RAJA icon indicating copy to clipboard operation
RAJA copied to clipboard

SYCL HIP Compiler on Corona

Open rchen20 opened this issue 2 years ago • 9 comments

Instructions for building a working SYCL compiler on Corona:

  1. module load gcc/10.3.1-magic
  2. git clone https://github.com/intel/llvm -b sycl
  3. cd llvm
  4. srun -n1 /usr/bin/python3 buildbot/configure.py --hip -o buildrocm5.7.1 \ --cmake-gen "Unix Makefiles" \ --cmake-opt=-DSYCL_BUILD_PI_HIP_ROCM_DIR=/opt/rocm-5.7.1 \ --cmake-opt=-DSYCL_BUILD_PI_HIP_ROCM_INCLUDE_DIR=/opt/rocm-5.7.1/include \ --cmake-opt=-DSYCL_BUILD_PI_HIP_ROCM_LIB_DIR=/opt/rocm-5.7.1/lib \ --cmake-opt=-DSYCL_BUILD_PI_HIP_INCLUDE_DIR=/opt/rocm-5.7.1/include \ --cmake-opt=-DSYCL_BUILD_PI_HIP_HSA_INCLUDE_DIR=/opt/rocm-5.7.1/hsa/include/hsa \ --cmake-opt=-DSYCL_BUILD_PI_HIP_LIB_DIR=/opt/rocm-5.7.1/lib \ --cmake-opt=-DUR_HIP_ROCM_DIR=/opt/rocm-5.7.1 \ --cmake-opt=-DUR_HIP_INCLUDE_DIR=/opt/rocm-5.7.1/include \ --cmake-opt=-DUR_HIP_HSA_INCLUDE_DIR=/opt/rocm-5.7.1/hsa/include/hsa \ --cmake-opt=-DUR_HIP_LIB_DIR=/opt/rocm-5.7.1/lib
  5. srun -n1 /usr/bin/python3 buildbot/compile.py -o buildrocm5.7.1

Using the compiler:

A. Run the Corona script in the RAJA repo:

module load rocm/5.7.1
cd raja
./scripts/lc-builds/corona_sycl.sh /usr/workspace/raja-dev/clang_sycl_2f03ef85fee5_hip_gcc10.3.1_rocm5.7.1
cd {build directory}
make -j

Confirmed in rocprof that GPU is being used in RAJA test.

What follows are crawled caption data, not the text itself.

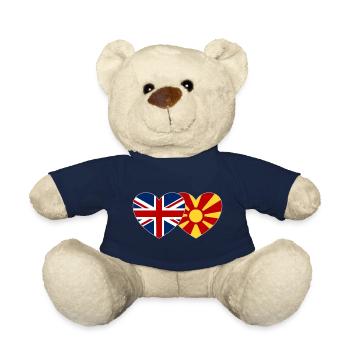 England Mazedonien Flagge Herz - Teddy - French Navy - Vorne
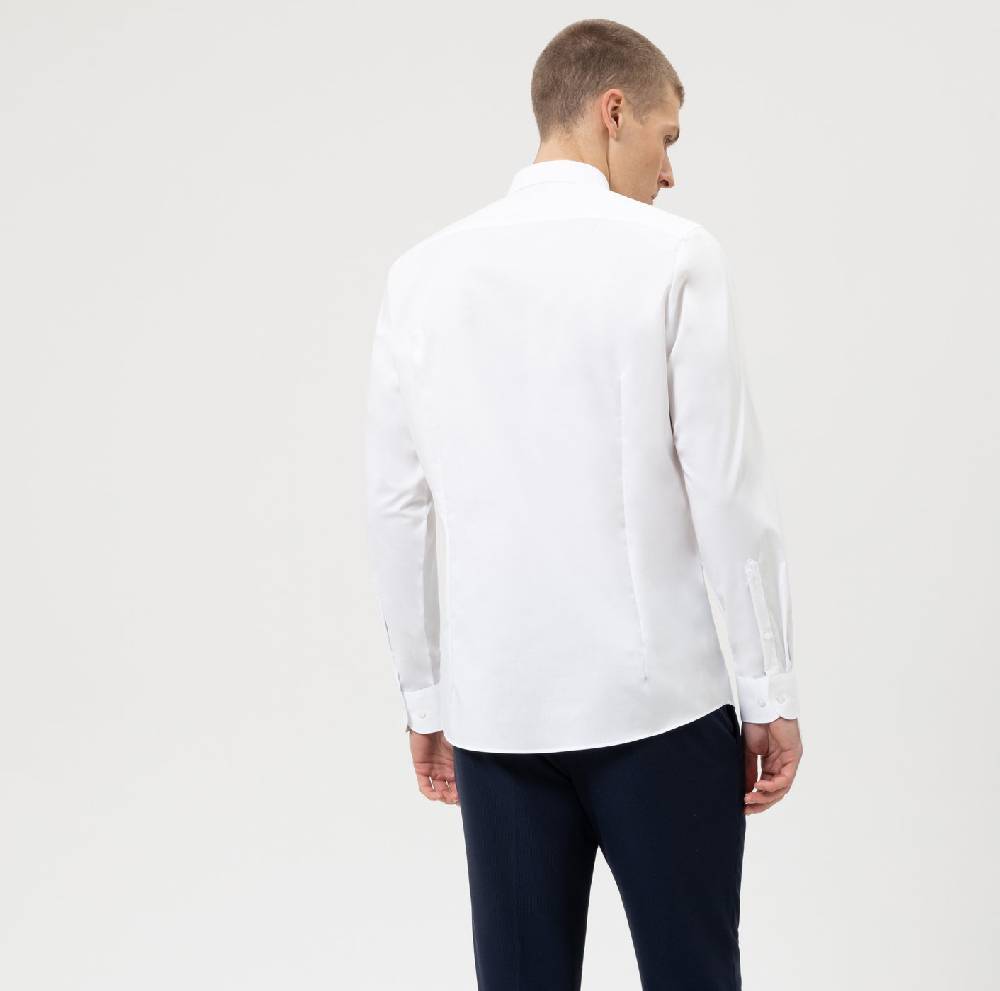 Olymp Camicia olymp bianca slim fit cotone twill stretch facile stiro Ultimi tre giorni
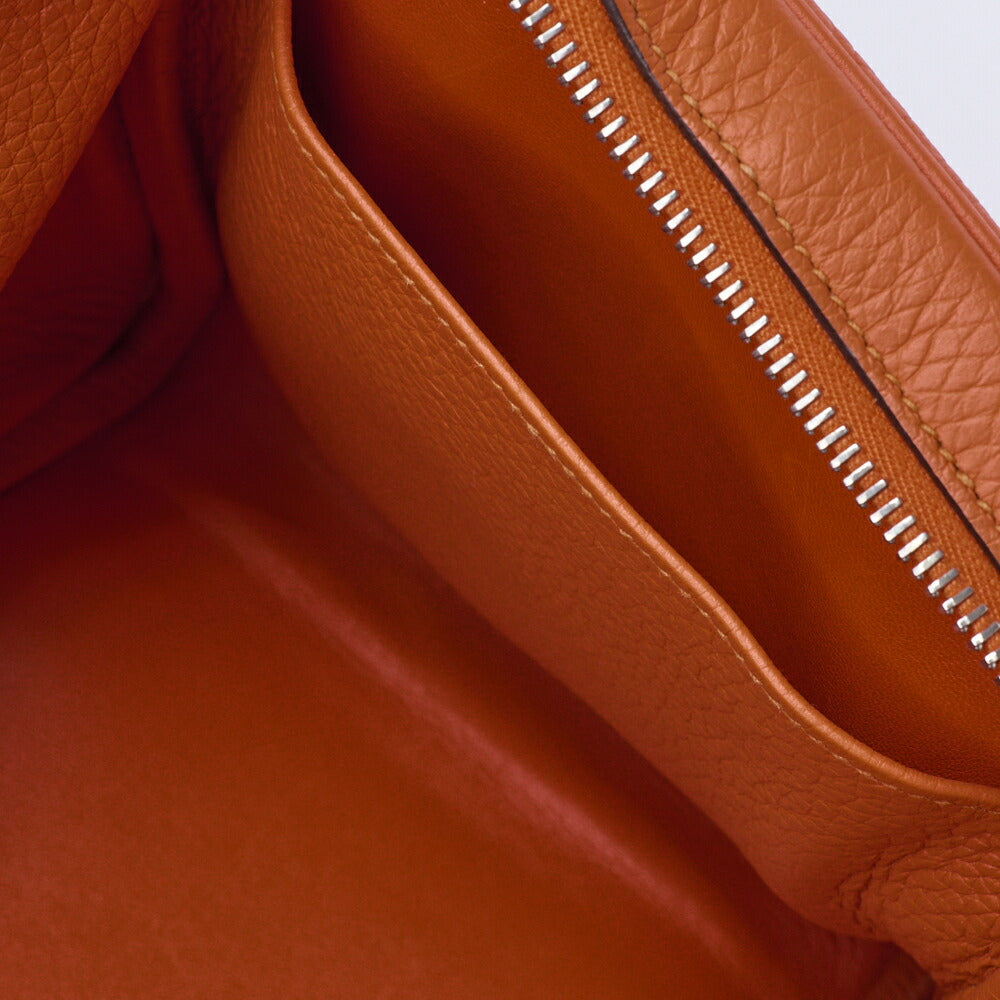 HERMES Lindy 34 Shoulder Bag Tryon Clemence Orange Poppy Silver-Tone Hardware Pre-Owned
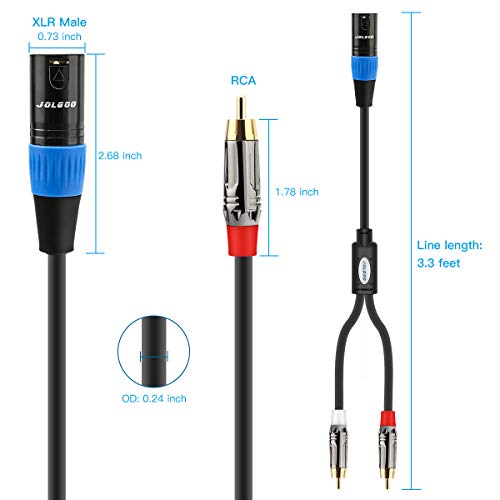 JOLGOO Unbalanced Dual RCA to XLR Male Y Splitter Patch Microphone Cable, 1 XLR Male to 2 RCA Male Y Adapter Cord Cable, 3.3 Feet - size: 3.3 Feet, style: Dual RCA Male to XLR Male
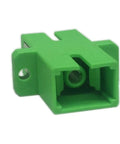 Green SC fiber optic adapter, female-to-female APC, panel-mount; three components shown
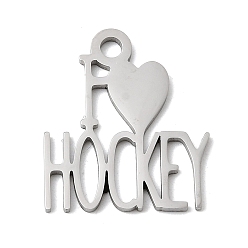 Нержавеющая Сталь Цвет 304 подвески из нержавеющей стали, я люблю хоккейное обаяние, без свинца, без кадмии и без никеля, цвет нержавеющей стали, 22.5x19.5x1 мм, отверстие : 2.5 мм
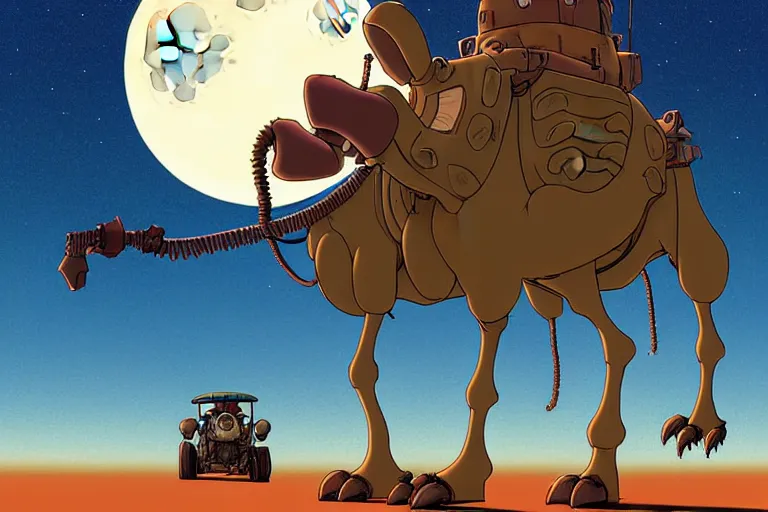 Image similar to a cell shaded cartoon of a lovecraftian mechanized camel from howl's moving castle ( 2 0 0 4 ), on a desert road, in front of a full moon, full body, wide shot, very muted colors, post grunge, studio ghibli, laurie greasley, highly detailed, deviantart, art by artgem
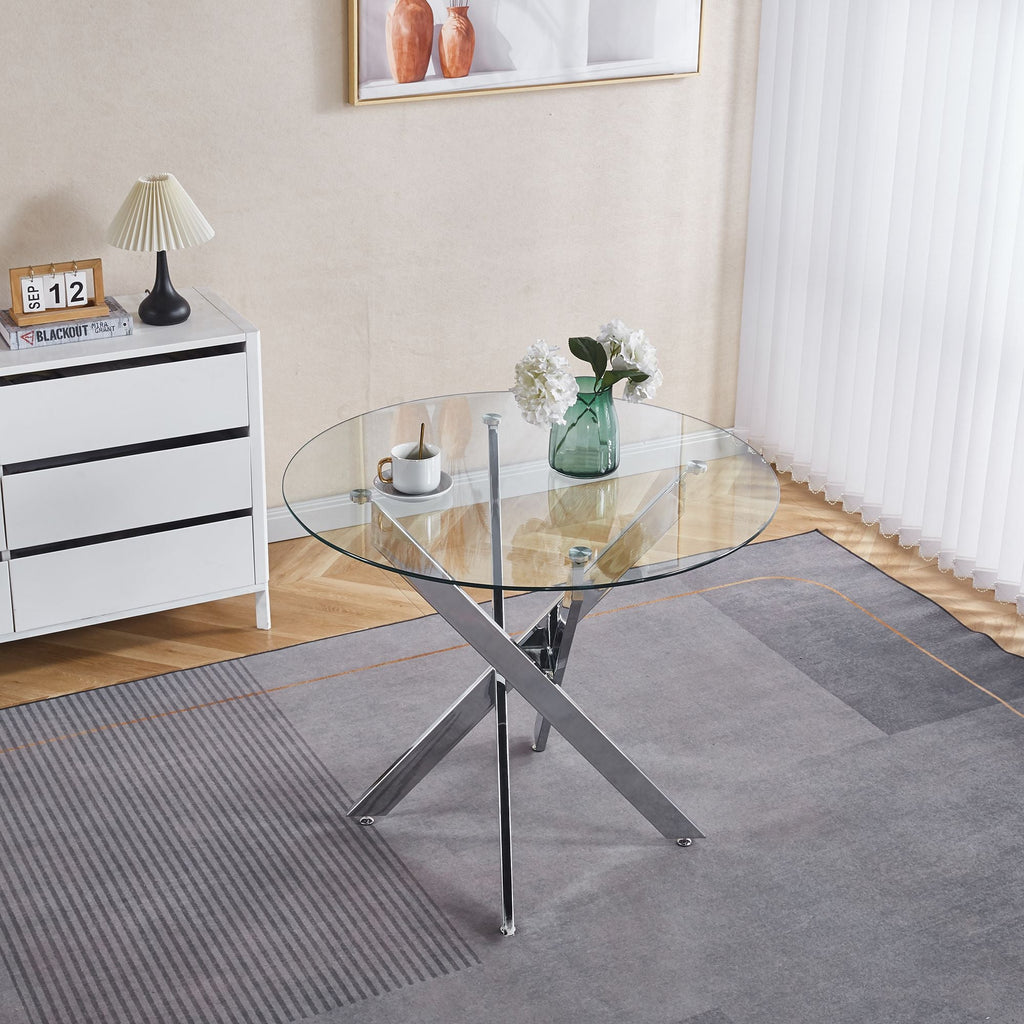 Modern Round Glass Dining Table - Chrome And Black Cross Legs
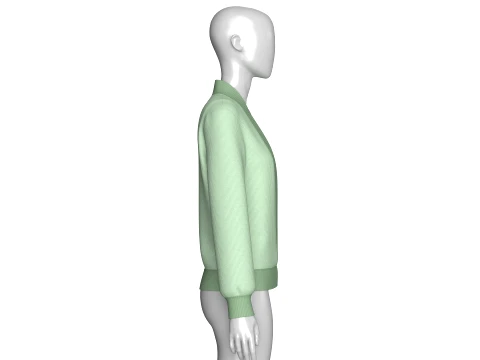 Girls Shawl Collar Layered Cardigan 3D Model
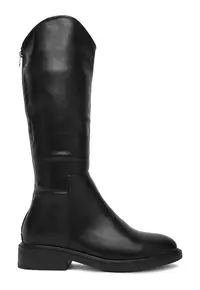 Cizme dama - material sintetic - negru - inchidere cu fermoar -
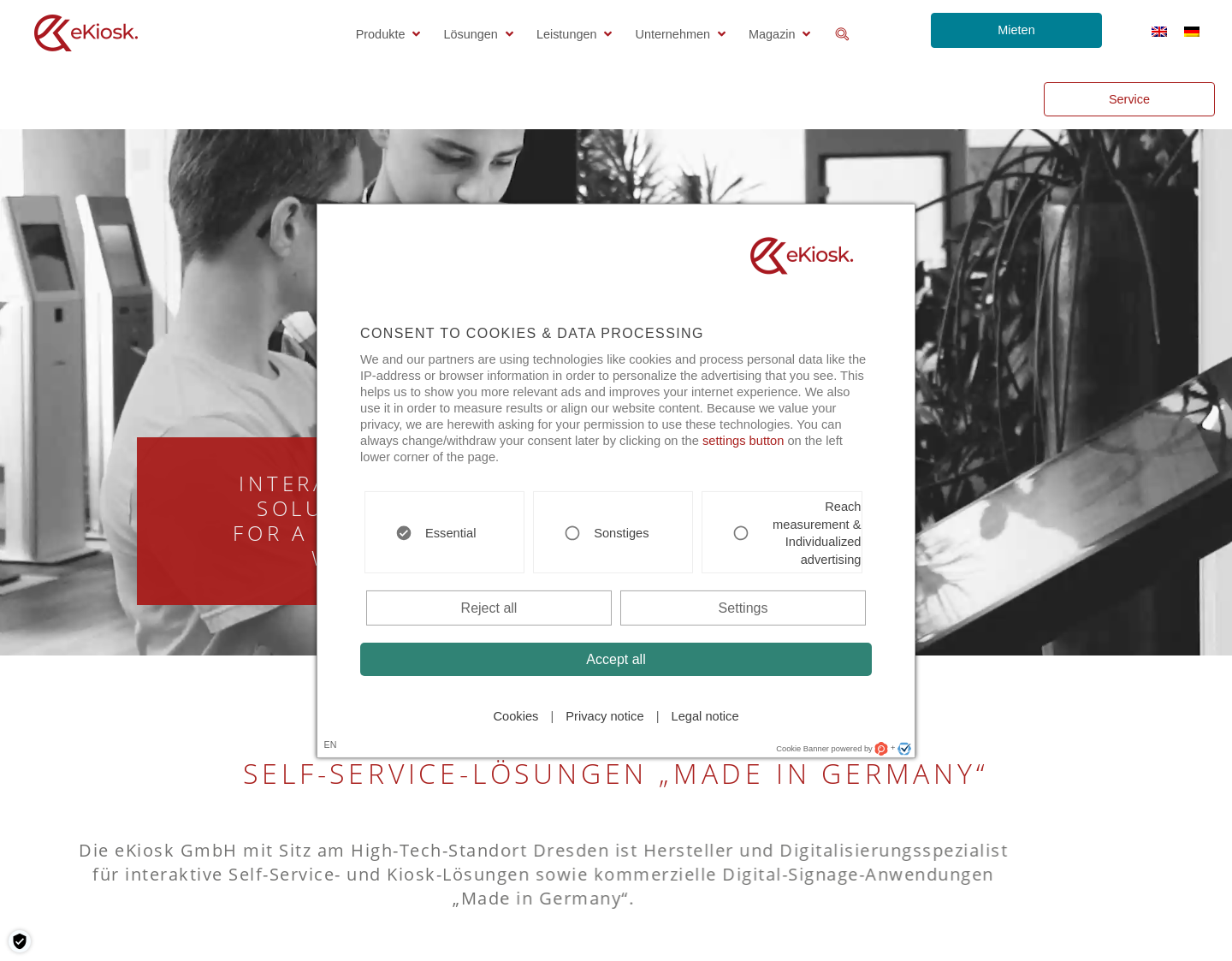 Aktuelle Website-Vorschau von Kiosksysteme vom Fachmann eKiosk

rchen20 avatar Apr 22 '22 02:04 rchen20

@homerdin @trws @rhornung67 @artv3 @davidbeckingsale Moving the discussion from email to the Github issue. The questions I posed in the email are here:

If we want to use this version of clang, shall I install one somewhere in a public directory? Is there interest in having the same SYCL compiler, but for a CUDA backend? I think Pascal is the platform for an Intel-CUDA configuration, but it has an old NVIDIA card and would require an updated ROCM.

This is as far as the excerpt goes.